Yeah...... We all do.


----------



## Monocrom

Watchbreath said:


> Right, overpriced in debt-based fiat money.


I don't know...

Looking at prices from just a few short years ago of certain luxury models, it's rather difficult to say that in any system that makes sense; that prices are right where they should be.


----------



## Medphred

Watchbreath said:


> fiat money.


Isn't that what you use to pay for the repairs on your Fiat? ;-)


----------



## Watchbreath

Even Tony doesn't want it.


Medphred said:


> Isn't that what you use to pay for the repairs on your Fiat? ;-)


----------



## kaiserphoenix

I dont consider JLC straps over priced. Is it expensive? Sure, but then all croc straps are expensive, ask how much a Breitling or Panerai gator strap costs!! I think JLC is in the average price range when it comes to pricing and they are awesome quality.


----------



## Monocrom

kaiserphoenix said:


> I dont consider JLC straps over priced. Is it expensive? Sure, but then all croc straps are expensive, ask how much a Breitling or Panerai gator strap costs!! I think JLC is in the average price range when it comes to pricing and they are awesome quality.

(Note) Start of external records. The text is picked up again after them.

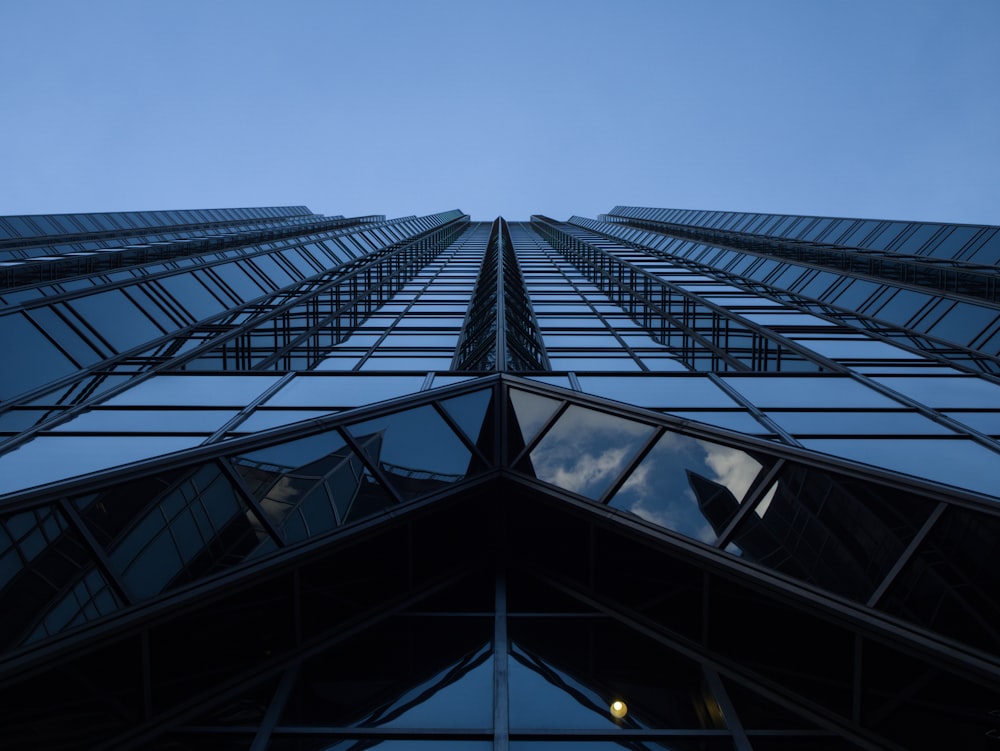 Foto de vista de gusano de un edificio de gran altura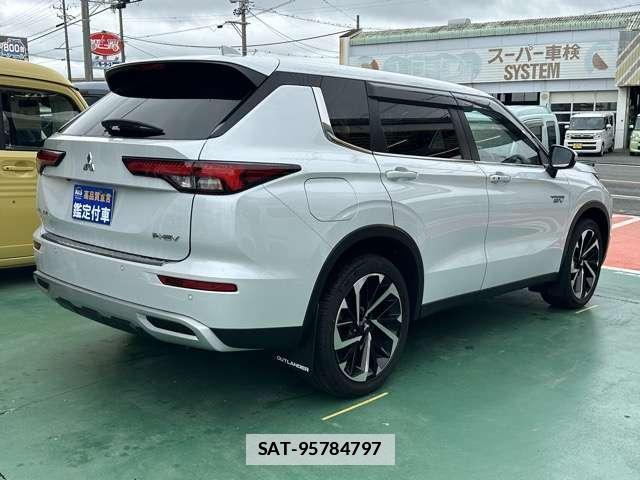 Mitsubishi OUTLANDER 2024-02 7814315-17
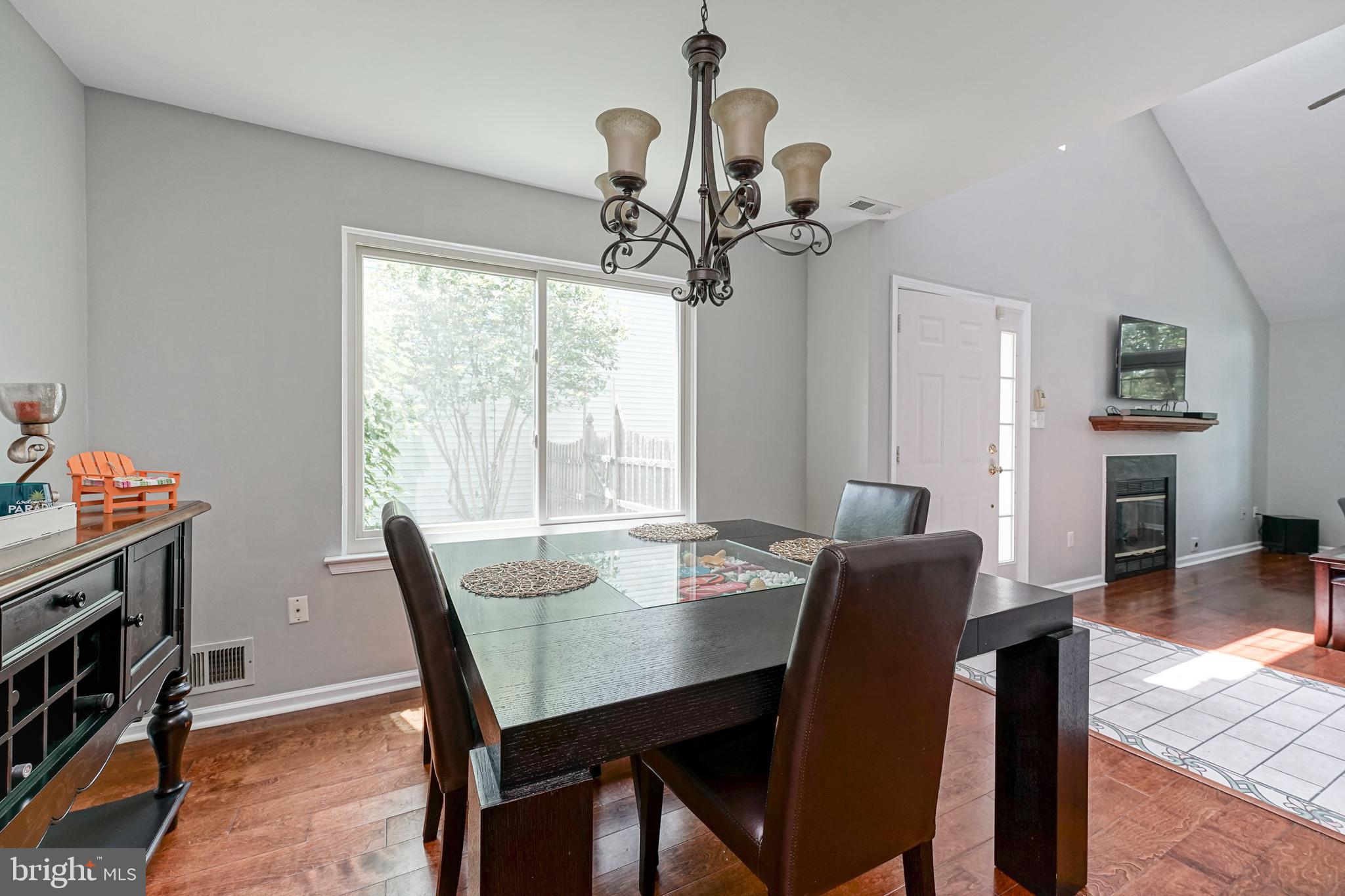 18 Ridgewood Way Burlington, NJ 08016 - Photo 12 of 37 Gallery Image 12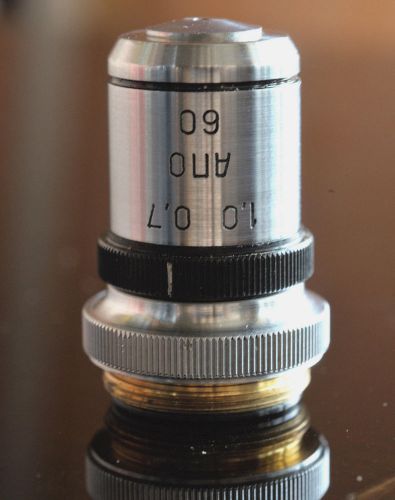 LOMO Zeiss APO 60x /N.A. 1.0-0.7 Iris Oil 160/- RMS microscope objective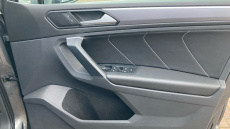 Volkswagen Tiguan 2.0 TDi 150 R-Line 5dr Diesel Estate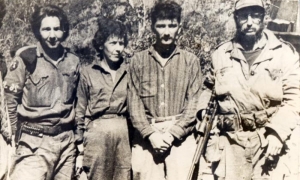 Raúl Castro, Celia Sánchez, Armando Hart y Fidel Castro en la Sierra Maestra.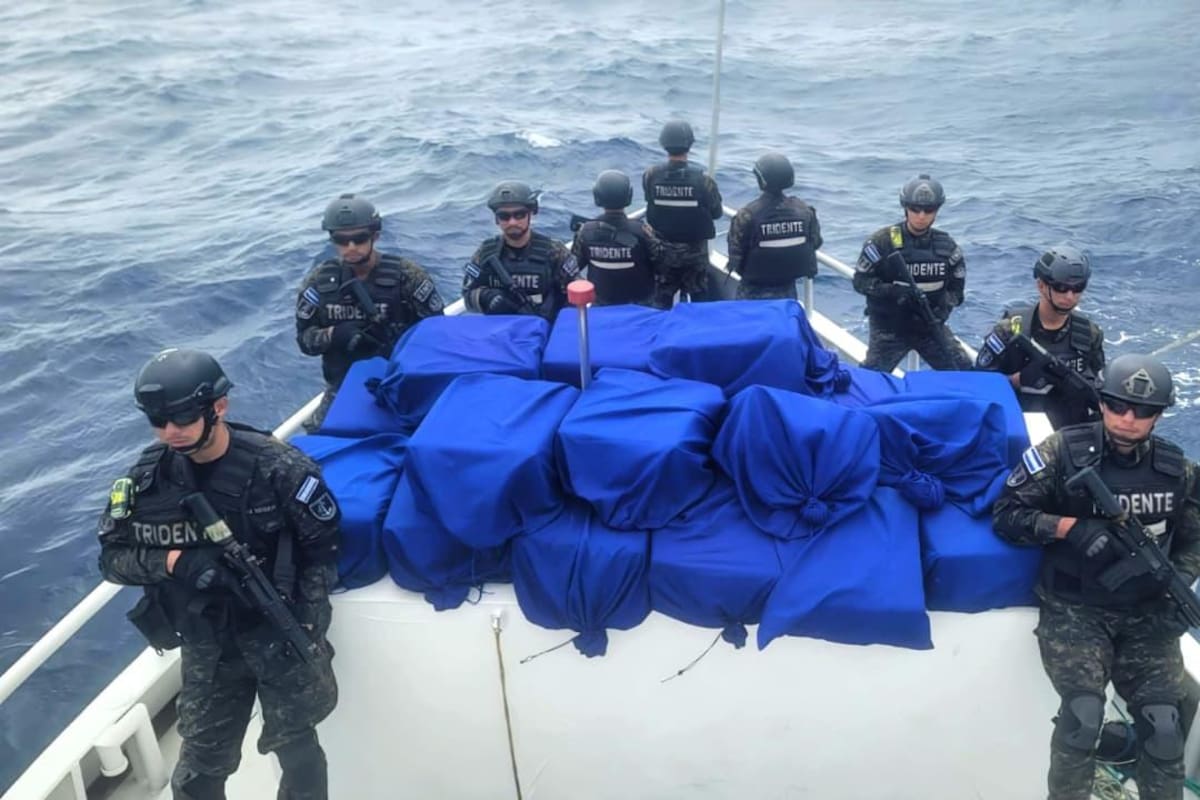 El Salvador decomisa 1,4 toneladas de cocaína en el Pacífico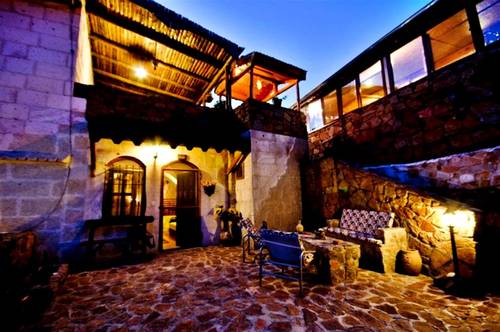 Adanos Konuk Evi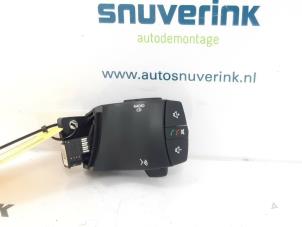 Used Steering wheel mounted radio control Renault Koleos I 2.5 16V 4x4 Price € 30,00 Margin scheme offered by Snuverink Autodemontage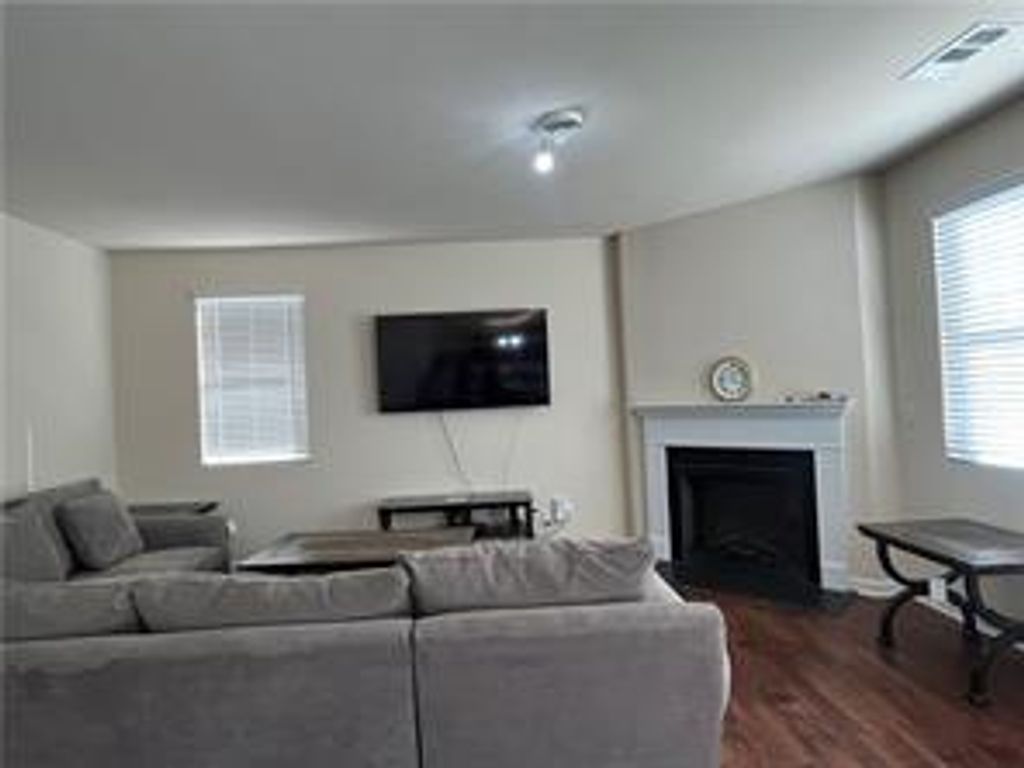 Photo of 3308 Heatherwood Drive, Gainesville, GA 30507 (MLS # 7729371)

Not all such straps are expensive... Just the branded ones.


----------



## SFoskett

I've noticed a dramatic quality difference between straps, including alligator ones. In particular, I've been disappointed by the black mainstream IWC straps. They look like plastic to me. 

My black JLC strap is much, much nicer. Is it worth $500? Not alone. But it's worth that much and more to have a worthy (non-plasticky) strap on my Reverso! Are other straps just as good? Probably, and they would be worth it too!

I'm interested too in the dramatic look and feel difference between the brown and black JLC OEM straps. They're totally, completely different. Night and day. Both are wonderfully finished and detailed but you would never know they were of the same material and from the same company!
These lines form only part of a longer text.